“Western leaders appear to have lost their compass. They have delegated the safety of the nation to a newly empowered class of internal security and intelligence professionals,” says William W. Keller in his book Democracy Betrayed: The Rise of the Surveillance Security State.
Life is full of trade-offs. We trade off free time or family time for money by going off to jobs that sometimes feel rewarding and sometimes just feel boring. Keller asks us how much freedom we are willing to give up for security, not even real security, but, for the most part, false security. The part of our freedom we pay with for this false sense of security is a loss of our privacy. We have not lost enough privacy that we live in a police state – yet. But we have lost control of our private data and not just to hackers but to our own National Security apparatus, which has grown enormously since 9/11. Our government now uses (as Edward Snowden made us aware) a giant sieve to catch a few tadpoles. Often it is not even necessary to get a court order to collect whatever the government wishes to see.
The author calls this “Secure Democracy”, which he tries to prove to us, is not really democracy at all. The new name states have invented for this is “illiberal democracy” which sounds an awful lot like Orwellian double speak.
The book is academic, with plenty of documented research, carefully noted in the end notes. However, the author does not bury his points in academic language. It’s very readable, although it may not keep you on the edge of your seat. But it really should keep our adrenalin pumping. Every modern President has done little to curtail foreign surveillance in the hopes of learning in advance about terrorist attacks. Even though data shows that very little useful intelligence has come from massive data collection, the spy apparatus grows. Perhaps the assumption is that we are just not collecting enough data and more will be the ticket into the minds of bad actors. Perhaps the security people are just getting a little giddy on ones and zeroes.
And it is not just foreign data collection. Domestic spying and data collection shows the same acceleration. I don’t believe, and neither does the author, that we know how to stop the secret intelligence “state” from growing. But we do know that a democratic government with an insatiable appetite for data about its citizens is an anomaly. A government that wants to scoop up data without a specific purpose or a court order should have our mental alarms going off like crazy. It seems that even a few terrorist events make us feel very vulnerable and afraid so we acquiesce to the surveillance state, something we were determined never to do. Keller’s evidence about the scope and reach of our surveillance state is compelling.
I always tell myself that someone would be bored to death tracking my communications and my online activities, but I do keep a blog about politics. It’s a fairly easy leap, especially right now, to imagine someone knocking at my door and frog-marching me off to jail. It is fairly easy to imagine being incarcerated without due process. This has not happened but it is only a baby step away, it seems, in a 21stcentury when we expected to enjoy more freedom, more global freedom, than ever.
Keller calls our current surveillance state the Security Industrial Complex.

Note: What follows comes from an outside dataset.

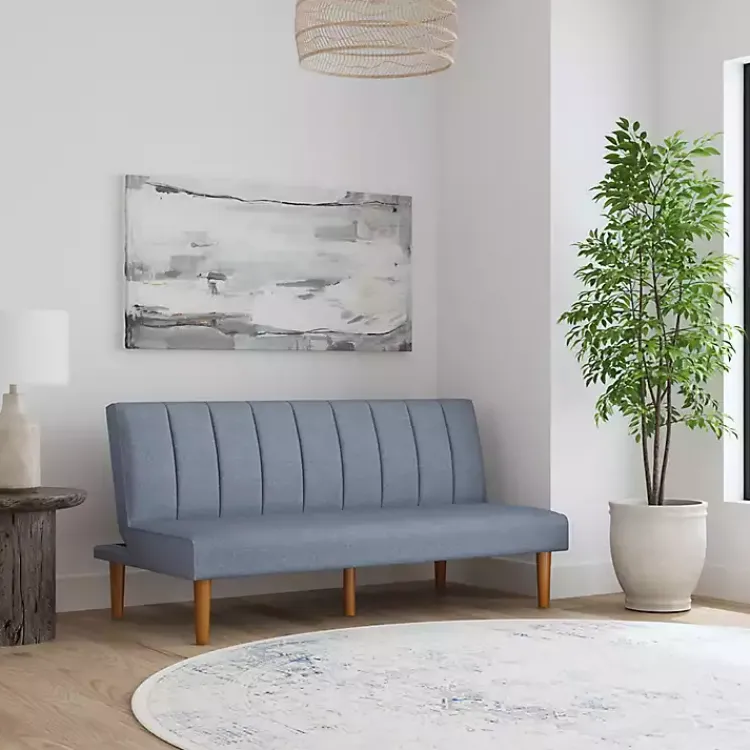 Sofas & Loveseats-Kirklands Home Woven Channel Convertible Sofa Blue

The internet, which makes the world seem so small, also makes itself a tempting target for a surveillance state eager to mine all that data. Why should businesses get to use the data and not the government?
Now that the intelligence community seems to have gone rogue we are surprisingly complacent about it. Keller does not offer much advice about how to keep our government out of our business, or how to protect our constitutional right to privacy (4thAmendment) but he knows that knowledge is power. I know, I know, who wants to read about something like this. What a downer. However, this is a book that everyone should read, downer or not.